***** DATA SECTION

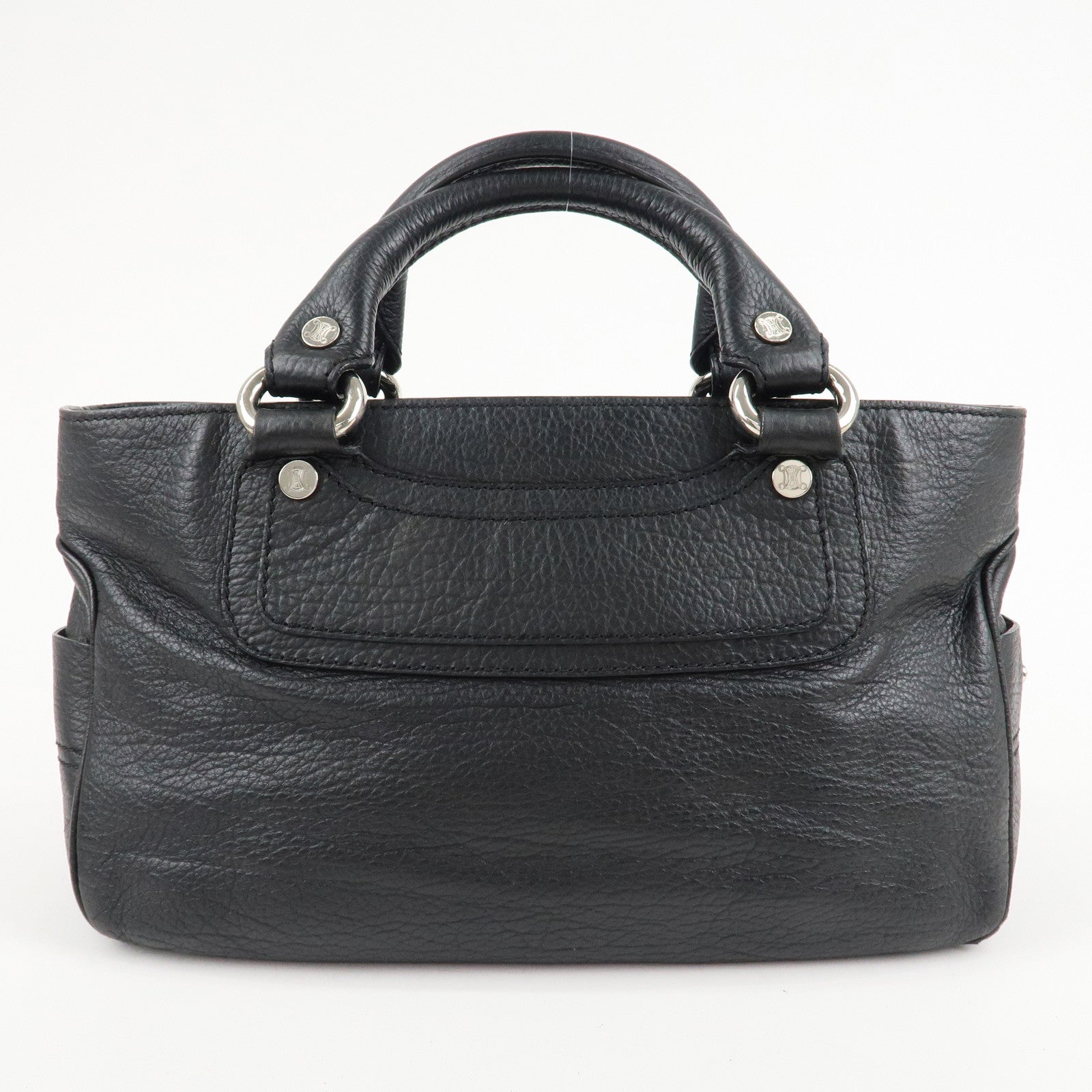 CELINE Leather Boogie Bag Hand Bag Silver Hard Ware Black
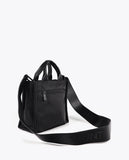 Nylon Crossbody Bag with Faux Leather Effect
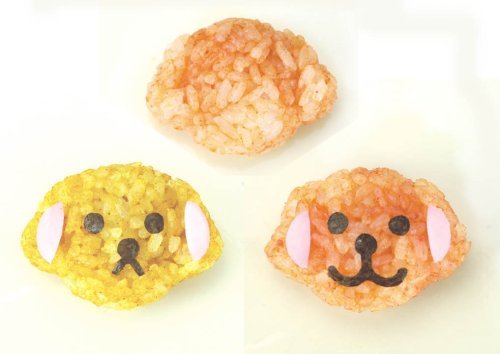 Arnest Nigitte-mitemite "neu" Sushi Rice Press Mold with Handle , Set of 5 (Elephant, Cat, Round, Dog, Rabbit)
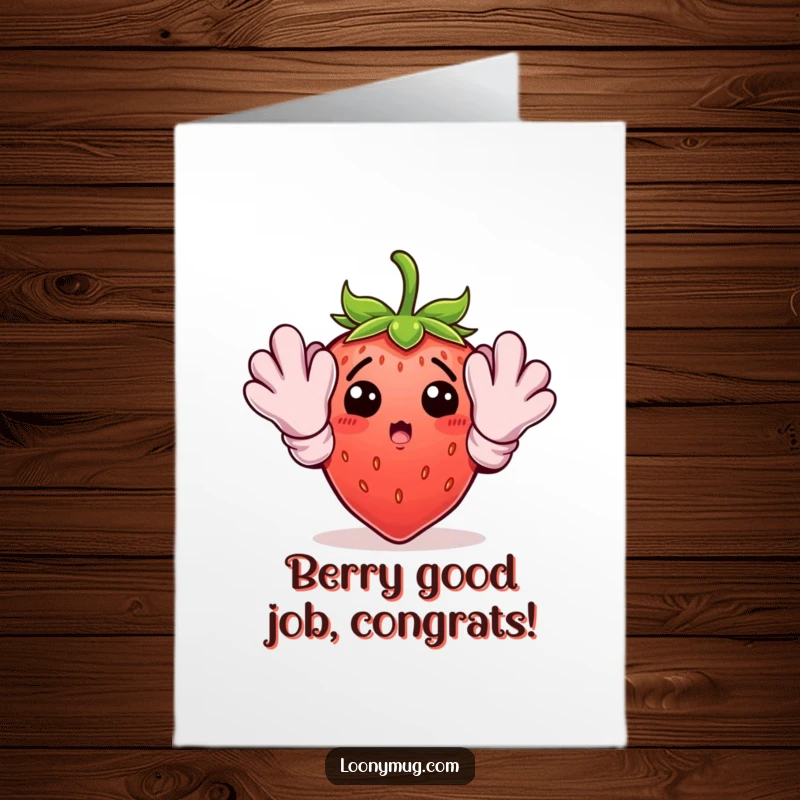 Funny Free Printable Congratulations Card showing a surprised strawberry in oversized gardening gloves, celebrating a successful DIY project.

**********

• EXERCISE INSTRUCTIONS: Transcribe the preceding listing in its entirety and with exact wording, leaving out pictures.

• SOLUTION TO THIS PROBLEM:
 CELINE Leather Boogie Bag Hand Bag Silver Hard Ware Black
 Nylon Crossbody Bag with Faux Leather Effect
 Arnest Nigitte-mitemite "neu" Sushi Rice Press Mold with Handle , Set of 5 (Elephant, Cat, Round, Dog, Rabbit)
 Funny Free Printable Congratulations Card showing a surprised strawberry in oversized gardening gloves, celebrating a successful DIY project.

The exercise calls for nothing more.